# Moyu DianMa cube



## guysensei1 (Mar 14, 2014)

Saw this on HKNowStore.

Looks like a Weilong-Zhanchi hybrid IMO

And the pieces aren't proportional


----------



## typeman5 (Mar 14, 2014)

This looks Interesting, but weird.


----------



## kunparekh18 (Mar 14, 2014)

Gans KO.


----------



## NoobyCuber (Mar 14, 2014)

I was considering buying this or not. I saw the circular center and decided not to. Let's hope that Gans didn't start a trend.


----------



## guysensei1 (Mar 14, 2014)

NoobyCuber said:


> I was considering buying this or not. I saw the circular center and decided not to. Let's hope that Gans didn't start a trend.



look carefully, the center isnt exactly circular. More of the shape of the YJ cube's centers.


----------



## Mario22 (Mar 14, 2014)

To me it's very similar to the zhanchi but it's weird too.


----------



## kubisto (Mar 14, 2014)

The stickers make the center look more circular than it actually is.
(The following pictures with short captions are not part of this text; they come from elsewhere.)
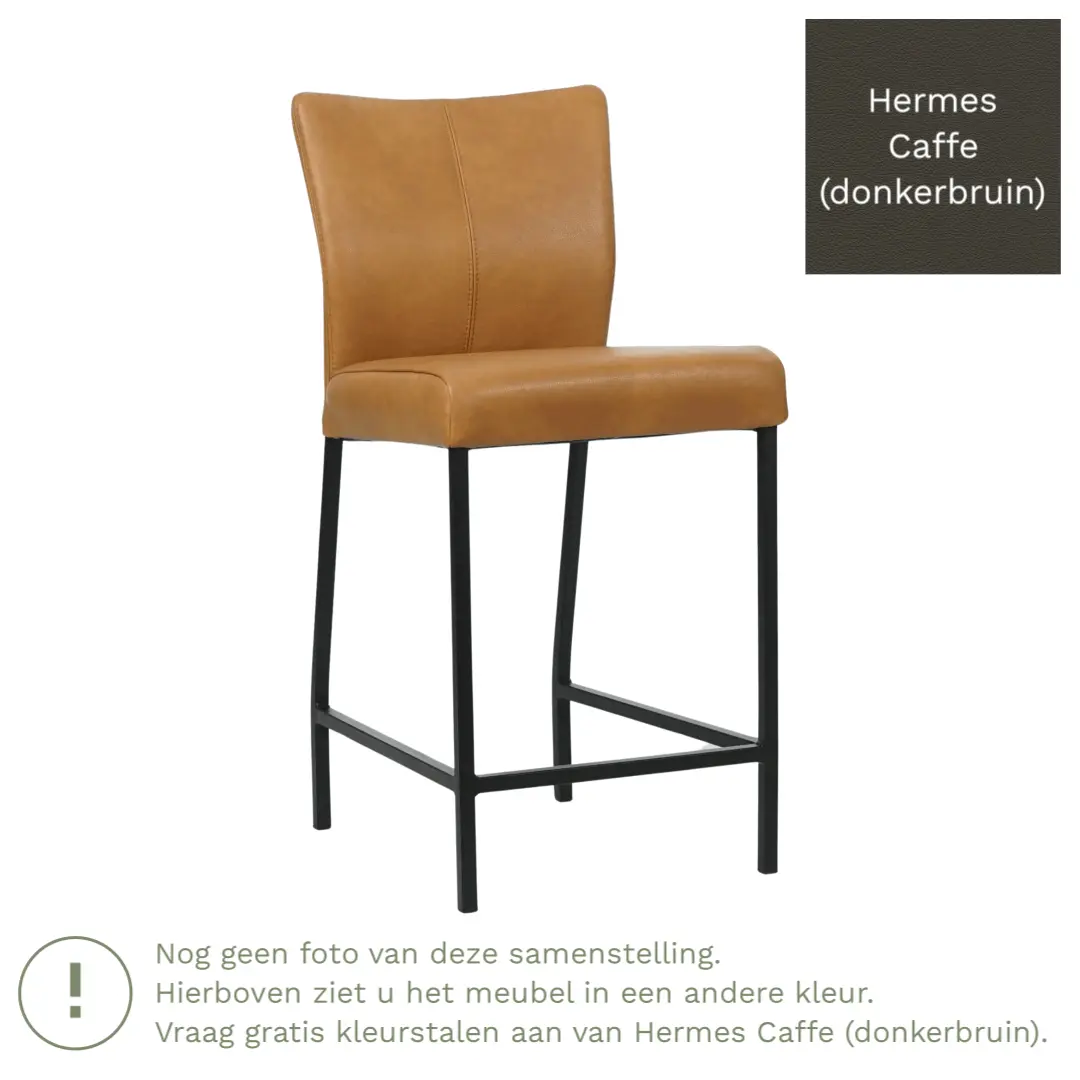 afbeelding van Leren barkruk Revolt laag - Hermes Caffe (donkerbruin) - Poten staal vierkant RVS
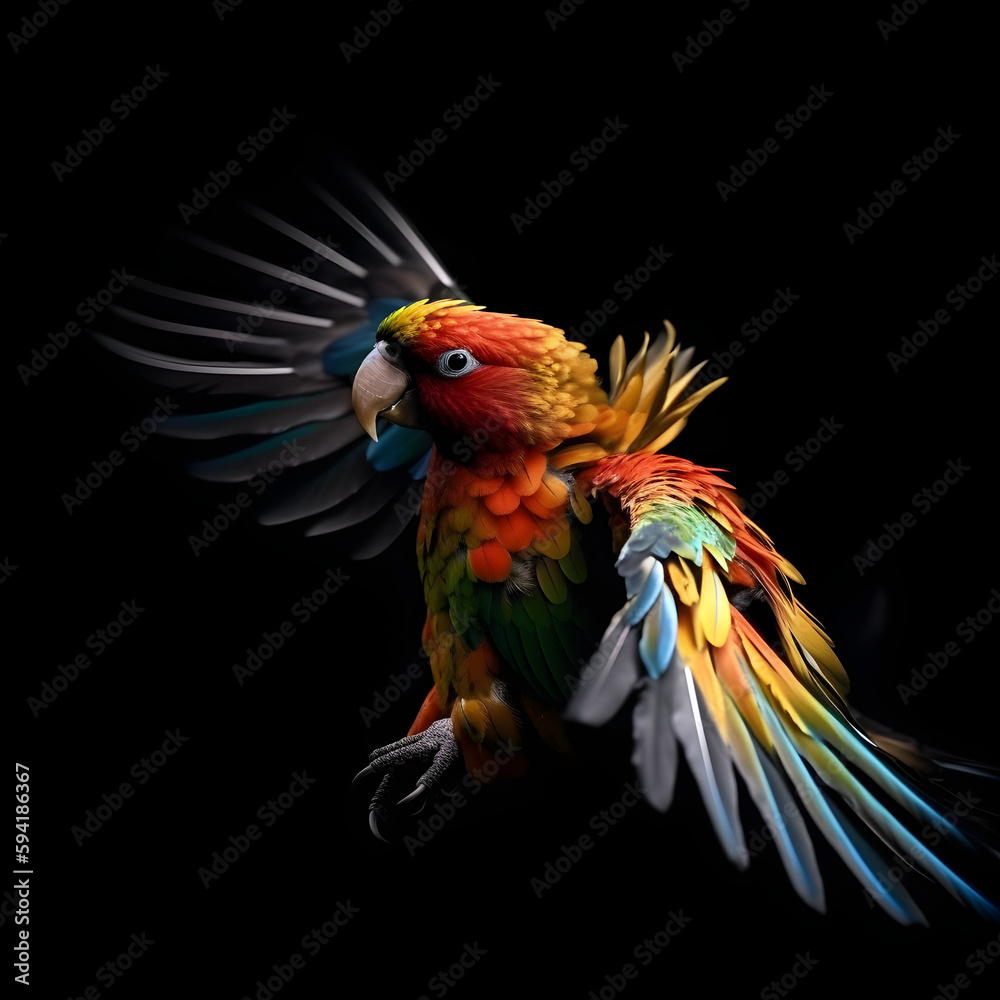 Obraz premium parrot on black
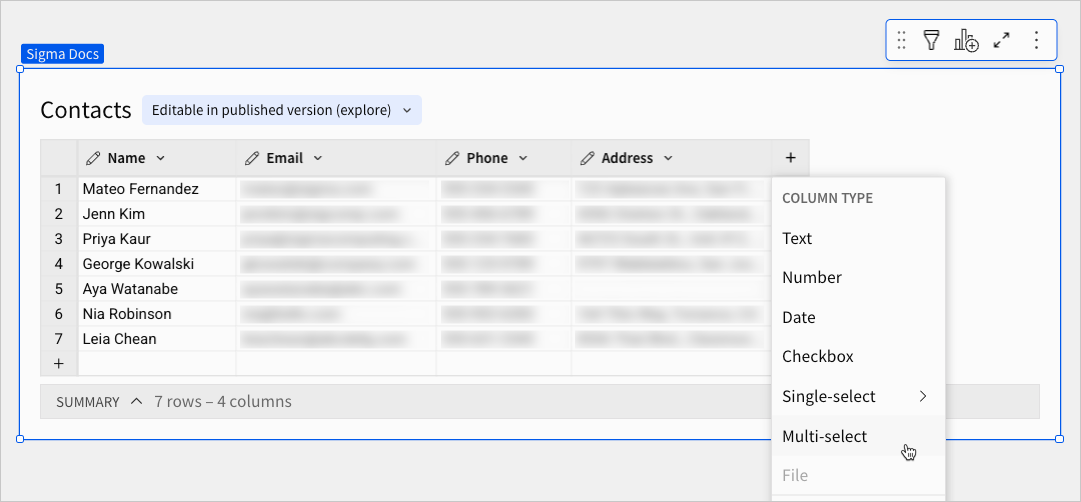Image showing an input table with the column type menu open and cursor hovering over the Multi-select option.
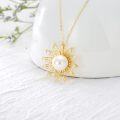 wholesale 14K Gold Pearl Pendant Necklace with Leaf Design and White Stone - Elegant Jewelry for Women (Length: Adjustable)-0-2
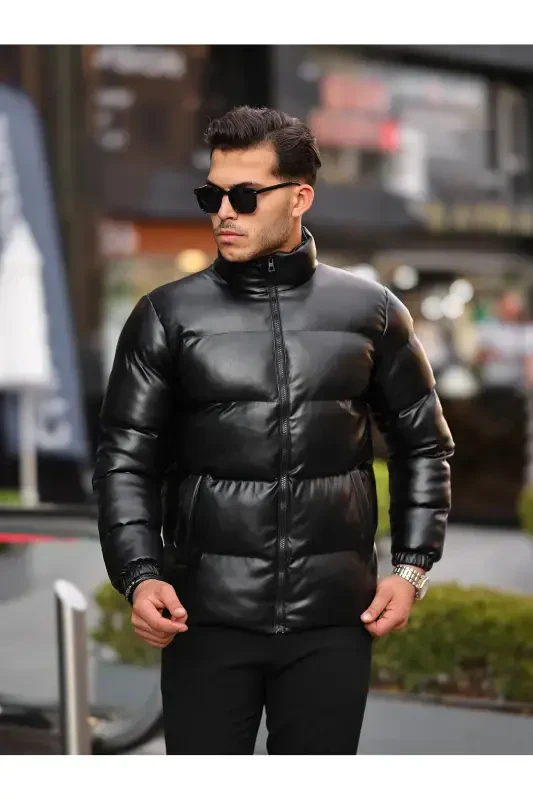 Men's Leather Winter Jacket Water And Cold Proof Puffer Jacket - 4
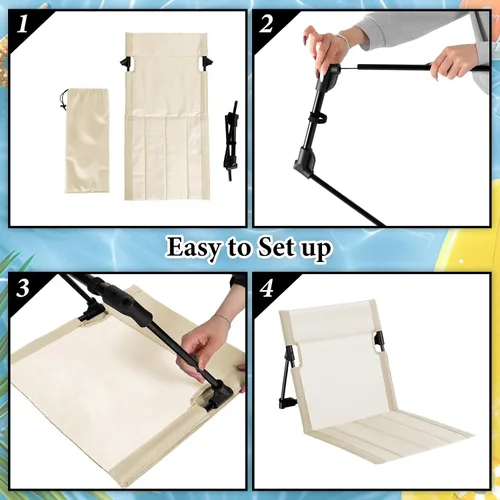Miniatura 7 de Paquete de 3 sillas portátiles junto a la piscina, sillas de playa plegables para adultos, asiento ligero sin patas con bolsa de transporte, silla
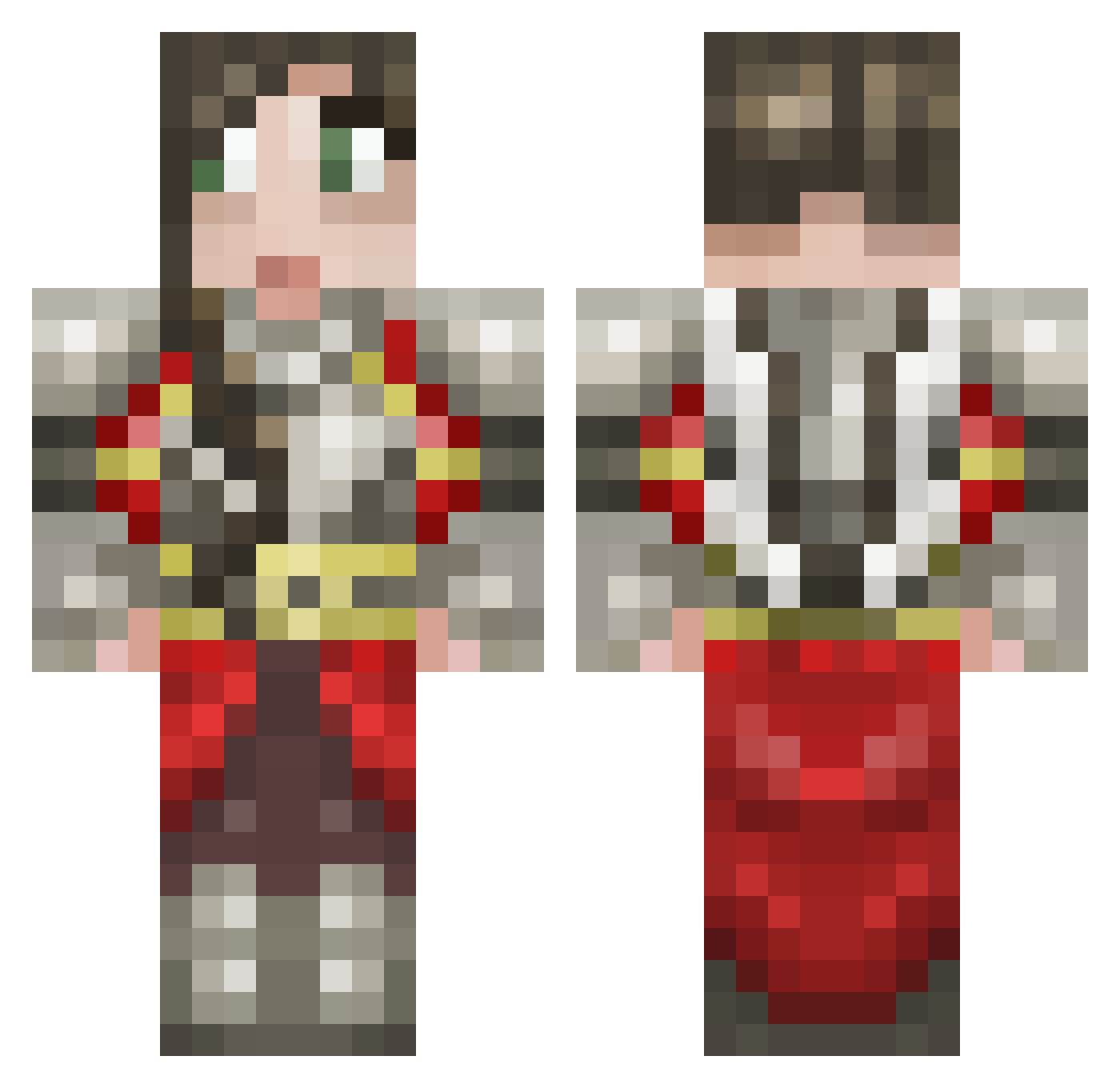 Gena Minecraft skin, front and back view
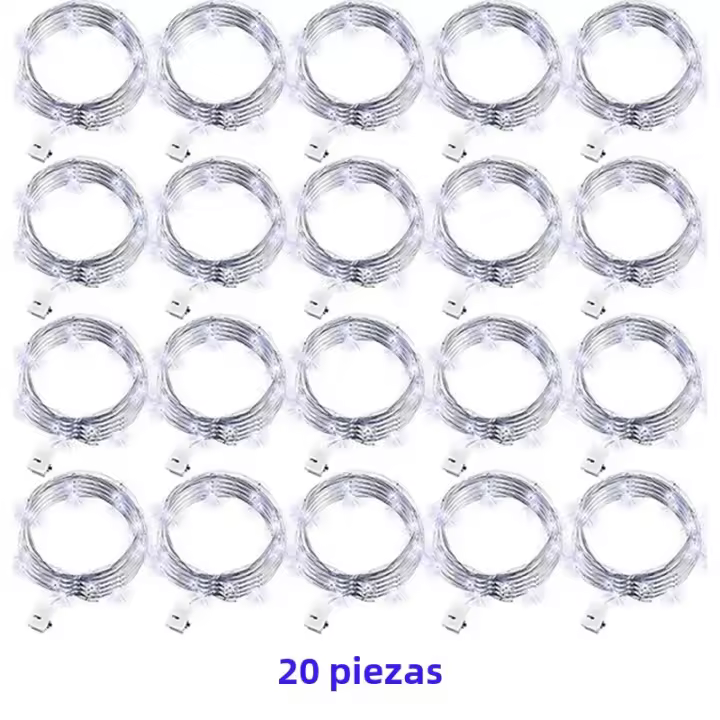 20 Pack Luces De Hilo De Hada 20LED 2M De Cobre Plateado Luzes Alimentadas Por Batería Para Decoración De Bodas Fiesta Navidad - 1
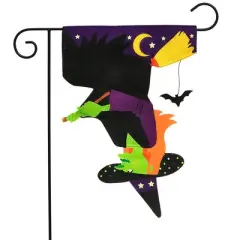 Briarwood Lane Halloween Garden Flag 12x18 For Outdoor Upside Down Witch Burlap For Halloween Garden Flag Flags For Outside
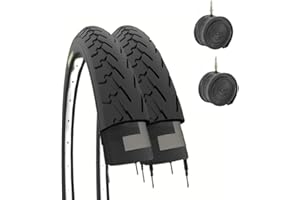 ECOVELO 2 COPERTONI NERI 700 X 32C + CAMERE D'ARIA PER BICICLETTA BICI CITY BIKE TREKKING 28 X 1 5/8 X 1 1/4 (32-622)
It's quite odd how the edges are bigger than the center.


----------



## manqiuw (Mar 14, 2014)

NoobyCuber said:


> I was considering buying this or not. I saw the circular center and decided not to. Let's hope that Gans didn't start a trend.


The sticker was a circle, not the centre piece


----------



## Cuberulz10 (Mar 14, 2014)

Any review?
Also, I saw a WAY cheaper( and I think better) place to buy it other than HKNOWSTORE:- cubezz.com. That site is amazing.


----------



## newtonbase (Mar 14, 2014)

I ordered mine from Lightake yesterday. Same price as Cubezz. Can't find any reviews anywhere.


----------



## Soren333 (Mar 14, 2014)

Interested in knowing the performance of this cube.


----------



## mark49152 (Mar 14, 2014)

kunparekh18 said:


> Gans KO.


Because of the circular sticker? Everything else is different.


----------



## kcl (Mar 15, 2014)

Looks a lot like a zhanchi.. With weilong corners.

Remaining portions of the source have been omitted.